MICHELE HARDENNE

Je suis une rêveuse et je vous invite à visiter un jardin imaginaire où les mots sont des fleurs qui poussent dans le champ de mes lubies.

 

Soul Ballads 13 janvier, 2011

Classé dans : POESIES, TEXTES — michelehardenne @ 22:33

Soul Ballads.

 La pluie était devenue plus régulière, de grosses gouttes d’eau s’écrasaient sur le pare-brise, l’essuie-glace était sur la vitesse maximale.

La circulation sur l’autoroute était bloquée, je suivais un camion.

La radio crachait des informations concernant  les différents problèmes sur le réseau routier.

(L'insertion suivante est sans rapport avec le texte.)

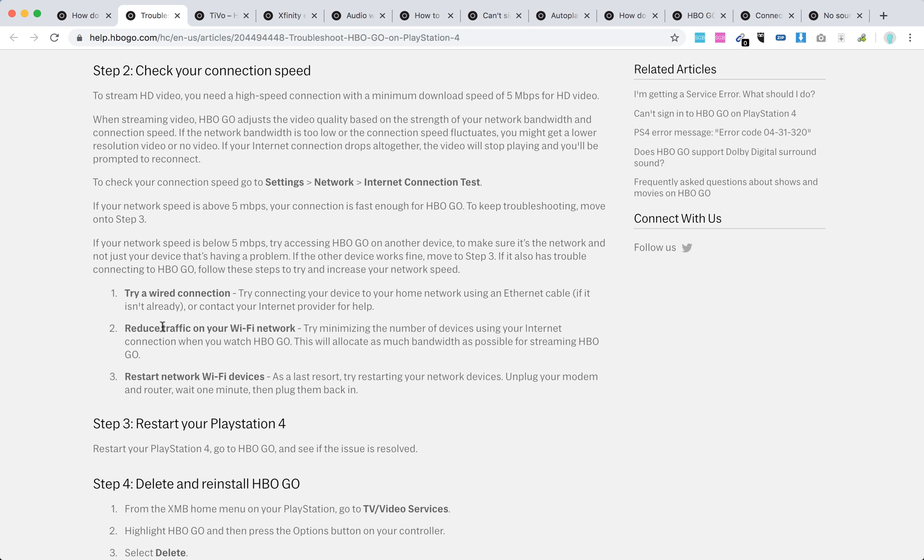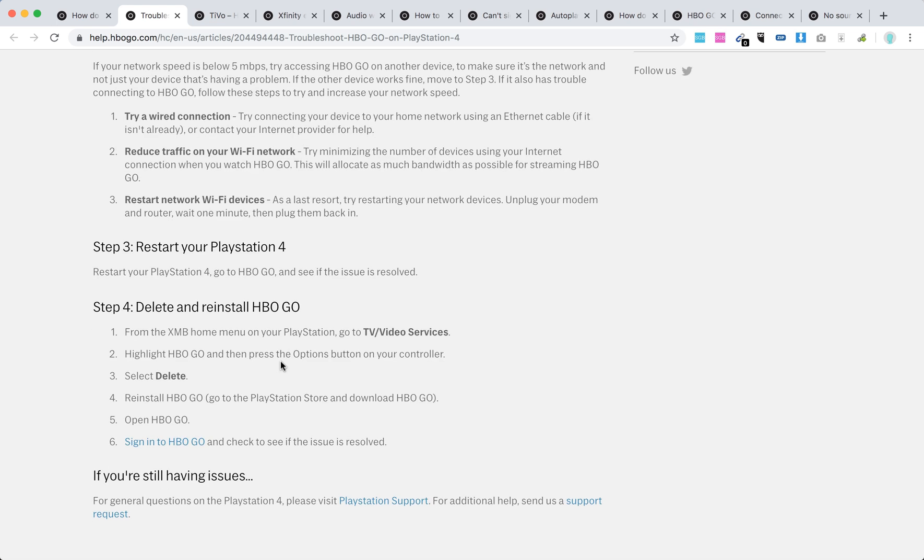Also, try other internet connections. Maybe try cellular for a while. Also, restart your PlayStation 4.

J’étais dans un embouteillage, j’avais le son et l’image ; le commentateur parlait d’un problème concernant un accident de roulage et j’apercevais au loin les véhicules aux enseignes bleu clignotantes.

Depuis cinq minutes, j’étais à l’arrêt.  J’ouvris la boîte à gants, en retira un CD – qui devait s’y trouver depuis plus d’une année- et le fit avaler par le lecteur.

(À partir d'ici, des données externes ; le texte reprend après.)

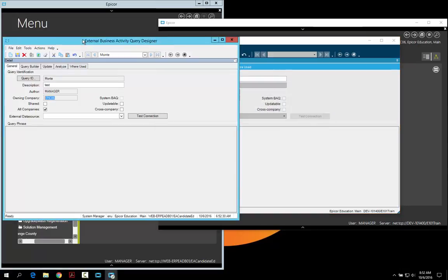So that is what we have for changes in 10.1400 and 10.1500. Thank you for your time and have a good day.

Le premier morceau : « if you need me » de Wilson Pickett, me donna un frisson.

Je ne comprenais les paroles que par bride.

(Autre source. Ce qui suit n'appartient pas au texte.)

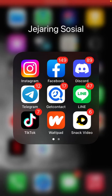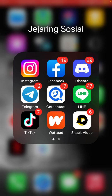Hey guys, in this video I'm going to show you how to clear Instagram cache easily. Maybe someone doesn't know how to delete, remove, or clear Instagram cache, and actually this is very simple depending on the type of device you are using.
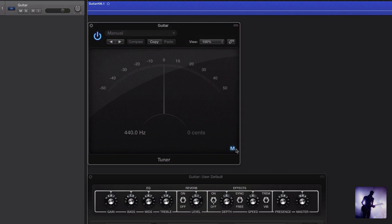Down here, we can mute the plugin if we don't want to listen to ourselves tune. And here we have a cents value that represents what's happening on this meter. For those of you who don't quite understand what that means,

Ma vue commença à se brouiller, ma respiration s’accéléra et des larmes se mirent à couler doucement sur mon visage.

Mon regard se dirigea vers mon sac, posé sur le siège passager, mon portable en dépassait.

Je voulais le prendre et …t’appeler, j’avais besoin subitement d’entendre le son de ta voix.

Le camion redémarra et j’en fis de même, repoussant le téléphone mobile au fond du sac.

Le deuxième morceau  chanté par Otis Redding « these arms of mine » n’apaisa pas davantage mes pleurs.

Mon cœur battait au rythme des mélodies qui suivirent chantées par Percy Sledge,  Etta James, Aretha Franklin, Sam and Dave, The Isley Brothers et de Solomon Burke.

Mélodie et mélancolie me tenaient compagnie sur ce tronçon d’autoroute dont je pris la première sortie pour rejoindre une nationale.

Je fis quelques kilomètres dans la campagne et puis stoppa la voiture sur le parking de la place du village déserte.

Je sortis le téléphone de mon sac et, calée dans le siège, je regardais le petit écran s’éclairer en écoutant la dernière plage du disque mettant fin à ma balade… 

Jackie Wilson prononçait les paroles que j’aurais tant voulu te dire :

« Please Tell Me Why ».

M.H. 

 

2 Commentaires

  1.  
    canelle49
    canelle49 écrit:

    Bonjour Michèle,

    Il suffit de si peu pour que l’esprit s’envole au delà de l’horizon, la nostalgie parfois revient quand on s’y attend le moins, que ton texte est beau et bien écrit, il reflète bien ce qui peut arriver à tout instant dans une vie, que le passé soit encore le présent !

    Bisous, Helene
    ***
    bonjour Hélène,
    j’aime fermer les yeux, faire abstraction de tout et laisser mon esprit libre de s’envoler, haut… très haut. Plus il prend de l’altitude, plus je relativise ma réalité.
    Et quand il regagne mon corps, il s’est oxygéné et me restitue la lumière que mon coeur a pompé pour résister à des déceptions auquelles je suis accoutumée.
    A chaque fois, que j’ouvre les yeux, je prends un nouveau départ.
    ***

    Dernière publication sur air du temps : Un cri d'amour !

  2.  
    Mario Bergeron
    Mario Bergeron écrit:

    Solomon Burke, et non Salomon !
    ***
    Bonjour ou bonne nuit, Mario.
    Merci , j’ai été distraite, je m’en vais bien rapidement corriger cette horreur, sinon le pauvre homme risque de ne plus trouver son éternel sommeil.